*How to complete this task*. Copy out the data in full, keeping each line exactly as it reads.

*Material for this exercise*.
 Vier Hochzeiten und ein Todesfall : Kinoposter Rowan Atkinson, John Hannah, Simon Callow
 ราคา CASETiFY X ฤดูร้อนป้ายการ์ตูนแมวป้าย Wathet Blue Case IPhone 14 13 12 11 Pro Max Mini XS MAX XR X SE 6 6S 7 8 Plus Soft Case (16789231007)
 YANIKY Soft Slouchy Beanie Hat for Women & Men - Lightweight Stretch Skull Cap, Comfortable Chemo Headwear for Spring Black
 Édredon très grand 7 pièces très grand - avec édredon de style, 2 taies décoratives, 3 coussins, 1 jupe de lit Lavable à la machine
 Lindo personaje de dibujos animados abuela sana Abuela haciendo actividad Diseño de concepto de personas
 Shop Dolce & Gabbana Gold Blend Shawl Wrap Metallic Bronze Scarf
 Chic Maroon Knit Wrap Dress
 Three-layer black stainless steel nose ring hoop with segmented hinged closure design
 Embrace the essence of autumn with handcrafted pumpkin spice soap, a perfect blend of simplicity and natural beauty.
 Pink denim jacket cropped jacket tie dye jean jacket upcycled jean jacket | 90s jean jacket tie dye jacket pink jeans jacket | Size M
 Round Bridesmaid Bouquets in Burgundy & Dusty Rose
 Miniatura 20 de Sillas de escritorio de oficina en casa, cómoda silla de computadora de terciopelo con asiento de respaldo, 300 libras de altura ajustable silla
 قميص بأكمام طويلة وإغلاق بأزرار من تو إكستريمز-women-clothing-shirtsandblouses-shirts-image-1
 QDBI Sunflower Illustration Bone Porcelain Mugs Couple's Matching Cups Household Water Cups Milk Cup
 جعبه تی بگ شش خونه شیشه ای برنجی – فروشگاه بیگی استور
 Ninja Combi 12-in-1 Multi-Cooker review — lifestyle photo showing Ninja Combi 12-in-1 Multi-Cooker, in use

*Exercise output*.
 Vier Hochzeiten und ein Todesfall : Kinoposter Rowan Atkinson, John Hannah, Simon Callow
 ราคา CASETiFY X ฤดูร้อนป้ายการ์ตูนแมวป้าย Wathet Blue Case IPhone 14 13 12 11 Pro Max Mini XS MAX XR X SE 6 6S 7 8 Plus Soft Case (16789231007)
 YANIKY Soft Slouchy Beanie Hat for Women & Men - Lightweight Stretch Skull Cap, Comfortable Chemo Headwear for Spring Black
 Édredon très grand 7 pièces très grand - avec édredon de style, 2 taies décoratives, 3 coussins, 1 jupe de lit Lavable à la machine
 Lindo personaje de dibujos animados abuela sana Abuela haciendo actividad Diseño de concepto de personas
 Shop Dolce & Gabbana Gold Blend Shawl Wrap Metallic Bronze Scarf
 Chic Maroon Knit Wrap Dress
 Three-layer black stainless steel nose ring hoop with segmented hinged closure design
 Embrace the essence of autumn with handcrafted pumpkin spice soap, a perfect blend of simplicity and natural beauty.
 Pink denim jacket cropped jacket tie dye jean jacket upcycled jean jacket | 90s jean jacket tie dye jacket pink jeans jacket | Size M
 Round Bridesmaid Bouquets in Burgundy & Dusty Rose
 Miniatura 20 de Sillas de escritorio de oficina en casa, cómoda silla de computadora de terciopelo con asiento de respaldo, 300 libras de altura ajustable silla
 قميص بأكمام طويلة وإغلاق بأزرار من تو إكستريمز-women-clothing-shirtsandblouses-shirts-image-1
 QDBI Sunflower Illustration Bone Porcelain Mugs Couple's Matching Cups Household Water Cups Milk Cup
 جعبه تی بگ شش خونه شیشه ای برنجی – فروشگاه بیگی استور
 Ninja Combi 12-in-1 Multi-Cooker review — lifestyle photo showing Ninja Combi 12-in-1 Multi-Cooker, in use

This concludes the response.